Problem to work on: Transcribe, exactly and without pictures, the lines below from the line with "Moje Pierwsze Puzzle Peppa Pig" to the line with "White color option", both ends included, and no others.

☆ ☆ ☆ ☆ ☆

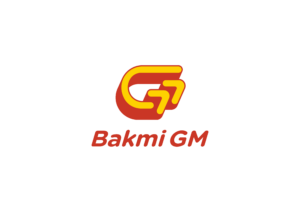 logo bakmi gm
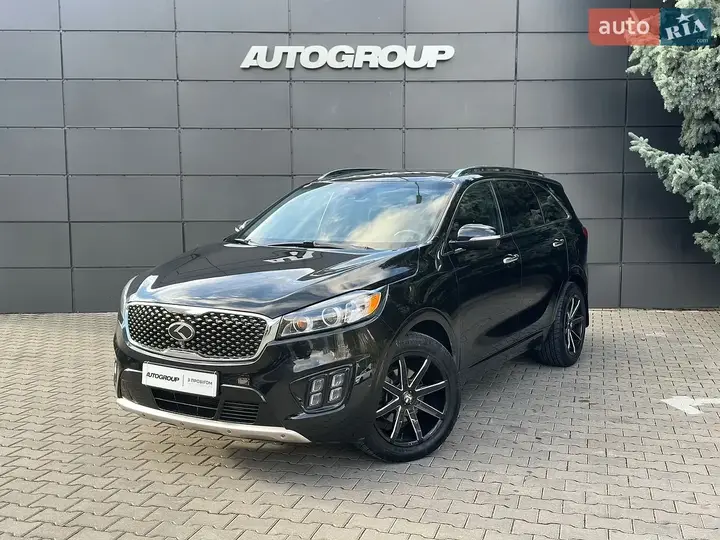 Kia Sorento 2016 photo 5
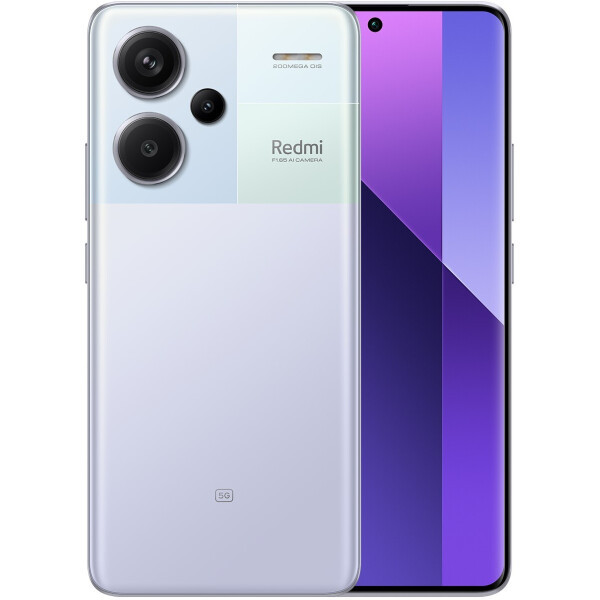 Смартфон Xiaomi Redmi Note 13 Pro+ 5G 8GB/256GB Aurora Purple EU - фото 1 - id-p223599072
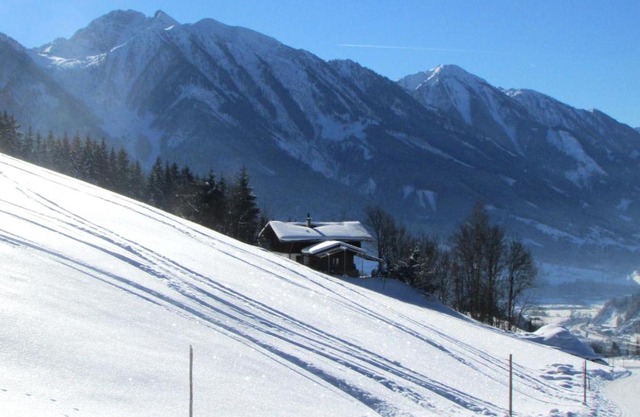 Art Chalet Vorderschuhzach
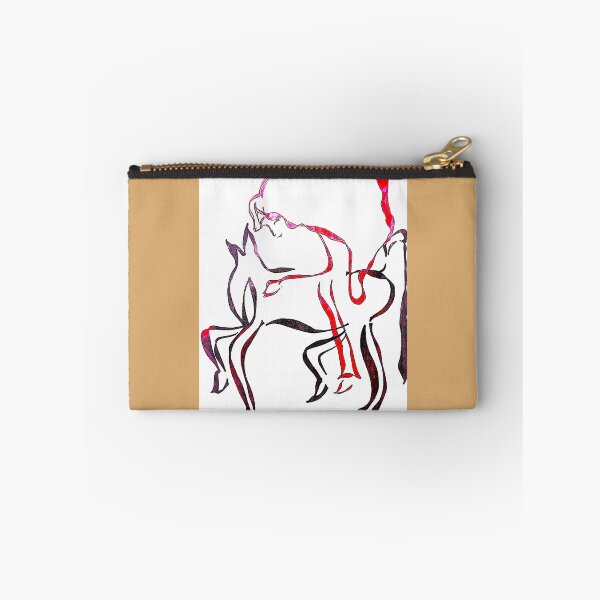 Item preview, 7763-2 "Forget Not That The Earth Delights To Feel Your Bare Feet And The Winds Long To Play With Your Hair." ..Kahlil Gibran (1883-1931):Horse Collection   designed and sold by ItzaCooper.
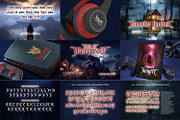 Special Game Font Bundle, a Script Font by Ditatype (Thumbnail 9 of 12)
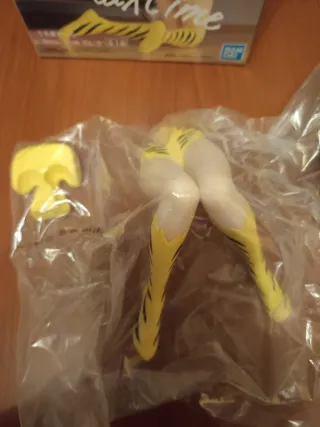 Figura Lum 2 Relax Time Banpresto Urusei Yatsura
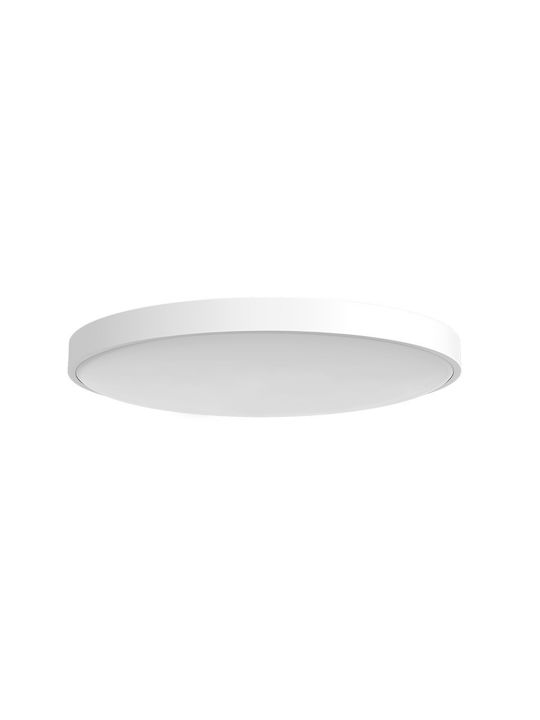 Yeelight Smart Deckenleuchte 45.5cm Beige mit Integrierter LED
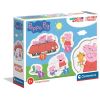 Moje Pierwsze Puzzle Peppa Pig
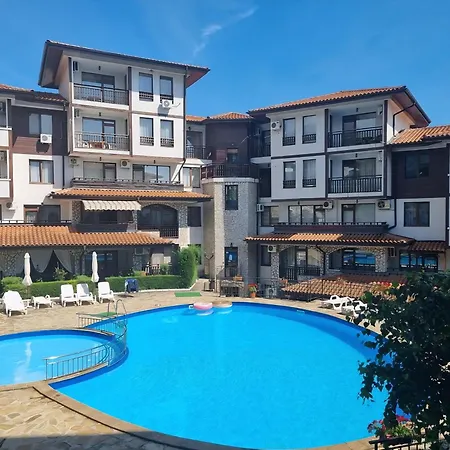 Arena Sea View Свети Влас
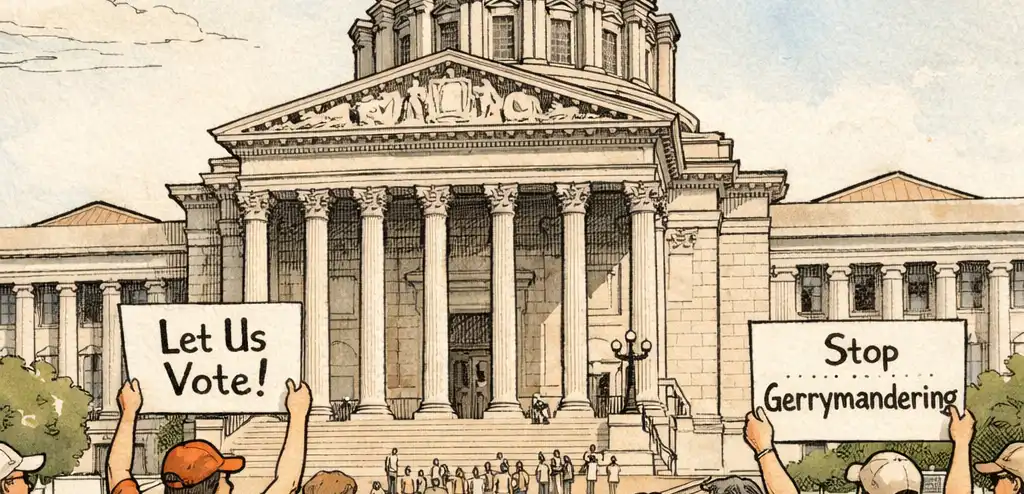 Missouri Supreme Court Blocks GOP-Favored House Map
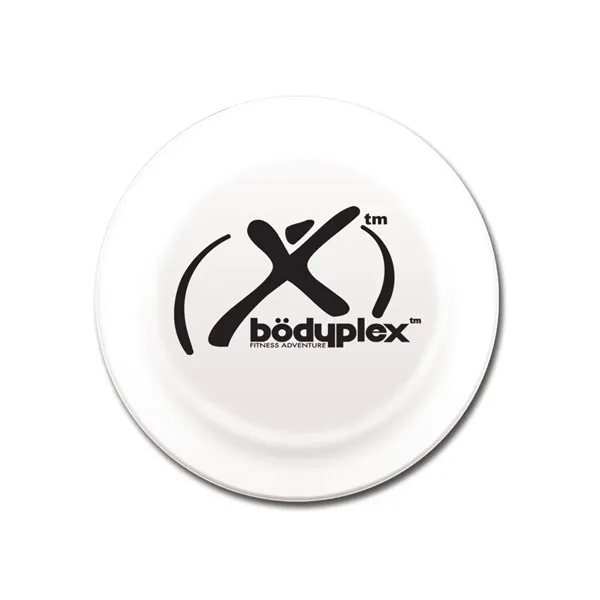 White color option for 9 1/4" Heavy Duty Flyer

☆ ☆ ☆ ☆ ☆

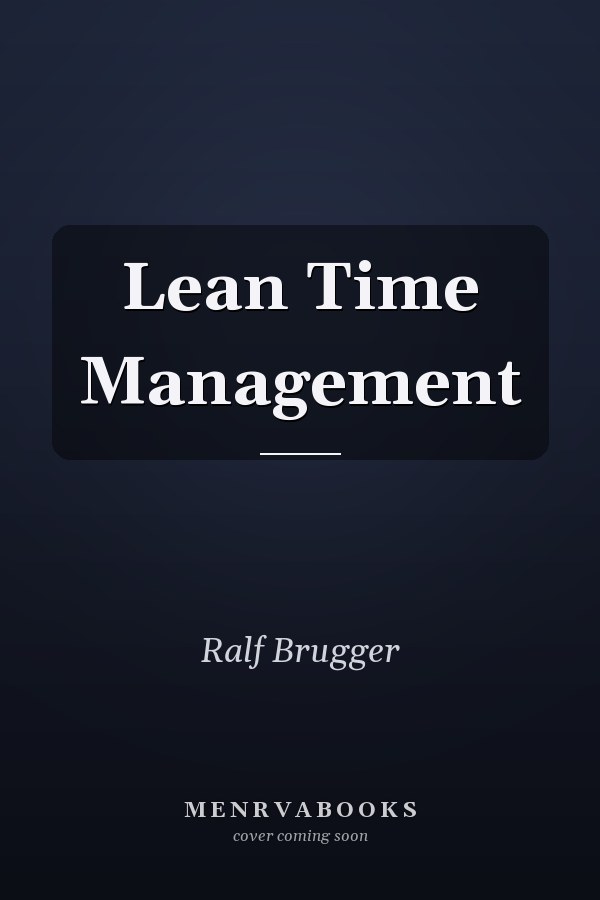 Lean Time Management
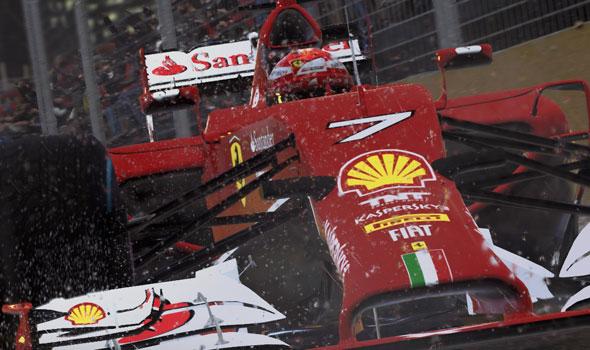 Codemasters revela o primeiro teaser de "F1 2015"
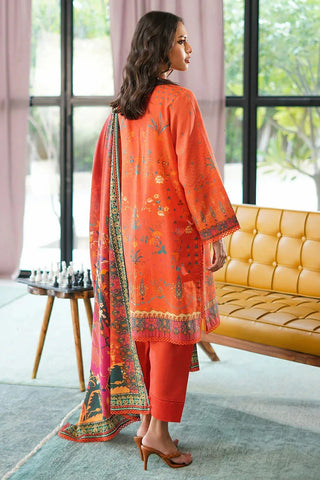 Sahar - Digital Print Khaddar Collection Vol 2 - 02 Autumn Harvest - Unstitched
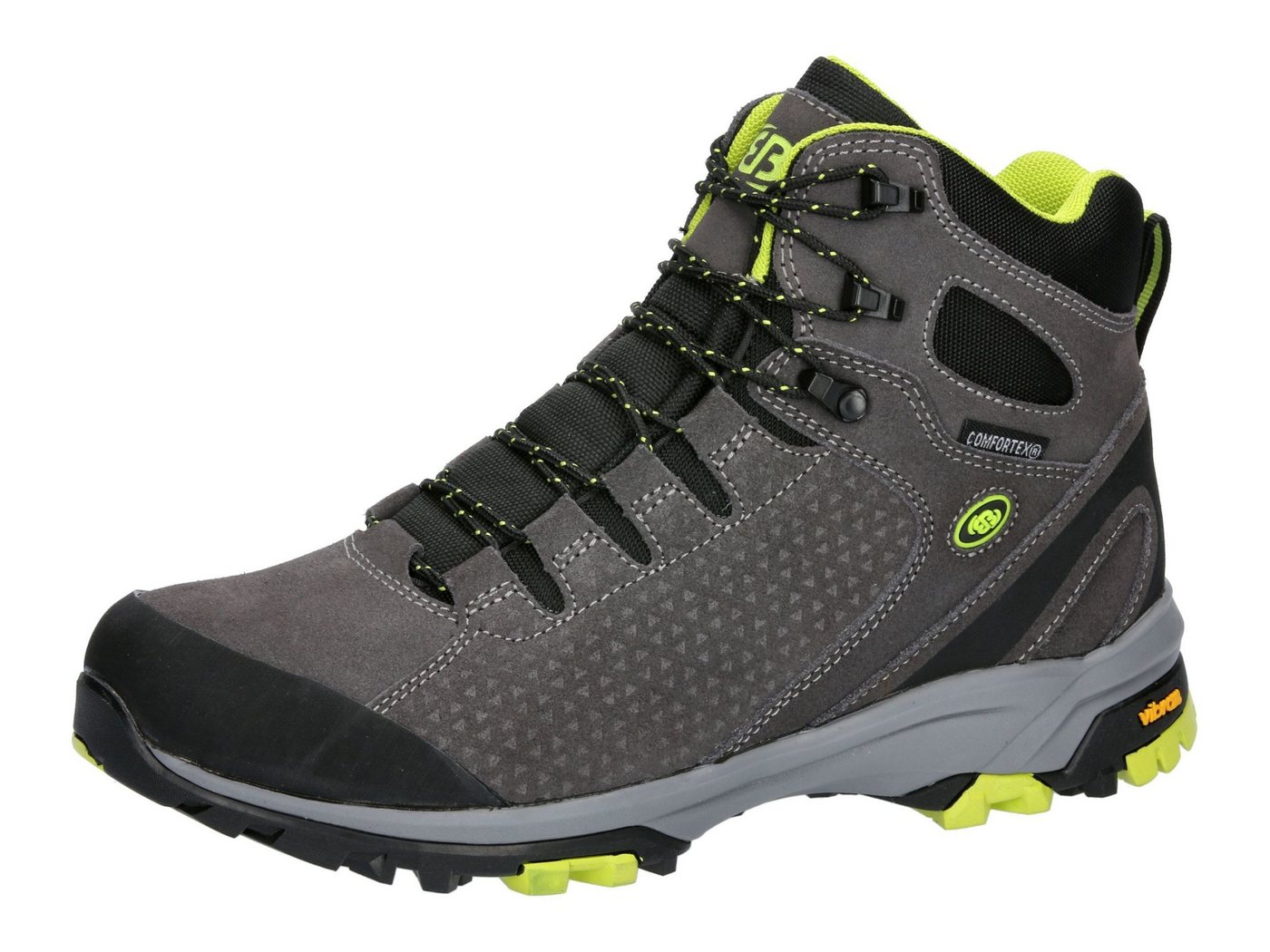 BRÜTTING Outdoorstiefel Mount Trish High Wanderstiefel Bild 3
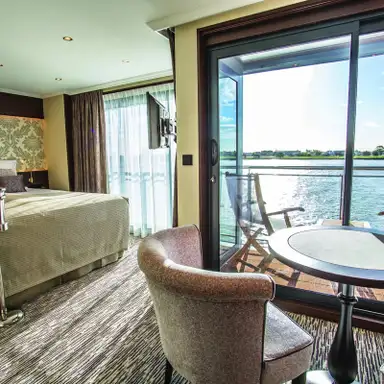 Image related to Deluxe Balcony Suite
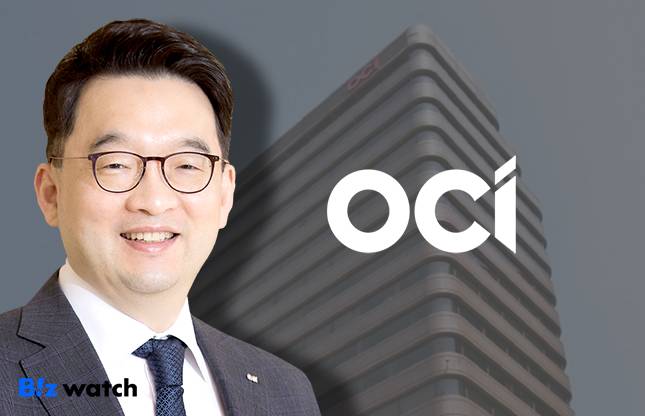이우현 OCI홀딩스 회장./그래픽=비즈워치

☆ ☆ ☆ ☆ ☆

Exercise solution:
 Moje Pierwsze Puzzle Peppa Pig
 Arena Sea View Свети Влас
 Missouri Supreme Court Blocks GOP-Favored House Map
 White color option for 9 1/4" Heavy Duty Flyer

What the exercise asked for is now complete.